Béliveau is no longer with us to try to appeal to fans’ better natures, and it’s hard to imagine another former beloved player with the necessary juice this time around. Certainly getting Chris Chelios to do it wouldn’t go over well, and it seems unlikely star defenseman P.K. Subban would be down with the indefensible.
There’s an old joke that asks: How do you get a bunch of Canadians out of a swimming pool? The answer is you ask them politely to get out of the pool. The stereotype didn’t come out of thin air, and we generally reserve boos for players or bad refs with one notable exception: NHL commissioner Gary Bettman, an American who never played the game but has nonetheless been running the league for more than 30 years.

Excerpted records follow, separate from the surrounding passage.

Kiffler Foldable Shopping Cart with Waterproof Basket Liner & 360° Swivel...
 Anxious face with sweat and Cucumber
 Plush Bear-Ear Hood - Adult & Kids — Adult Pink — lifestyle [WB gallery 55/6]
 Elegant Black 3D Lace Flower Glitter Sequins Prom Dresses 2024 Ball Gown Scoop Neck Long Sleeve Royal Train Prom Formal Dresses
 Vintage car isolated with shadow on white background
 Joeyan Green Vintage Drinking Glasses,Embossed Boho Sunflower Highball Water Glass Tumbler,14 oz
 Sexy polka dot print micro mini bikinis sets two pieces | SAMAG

Booing Bettman whenever he shows his face in public is considered practically a patriotic duty, which doesn’t even seem unfair given the guy has overseen three separate lockouts (including an entire season), makes moronic marketing decisions like prohibiting players from using Pride tape on their sticks for a day or two before bowing to public outrage, and keeps banishing our financially struggling teams to cities where they aren’t even wanted such as Phoenix and Atlanta. It’s so ingrained in Canadian culture nobody even stops to consider if it’s antisemitic, and most of his vocal haters probably don’t even know he’s Jewish. Or would care.
Giving the man a Bronx cheer has become normalized to the extent it’s the expected natural human response. Like shouting “Norm!” if George Wendt walks into the bar or headbanging at the part in “Bohemian Rhapsody.” Or giving the finger to a driver of one of the Space Nazi’s Cyberpanzers. Just another civic responsibility his own children probably indulge in on occasion.
But he may want to consider killing the anachronistic tradition when teams from either country play each other moving forward. Half the players are Russian or Scandinavian now anyway unlike in the Original Six days of yore.
It’s a problem confined to ice hockey for now in the sportsball realm as we don’t do the NFL, and only the city of Toronto has teams in the baseball or basketball big leagues. But those sports aren’t even close to being as dear to the true north strong and free’s glowing hearts as the best game you can name, and if this hasn’t already become an emerging narrative by the time you read this, I suspect it will be once the playoffs start in April. No matter how many Canadians there may be on a given American team’s roster.
Assuming they haven’t all been rounded up by then and shipped to the KHL as an apology gift to Putin for economic sanctions due to his special military operation in Ukraine.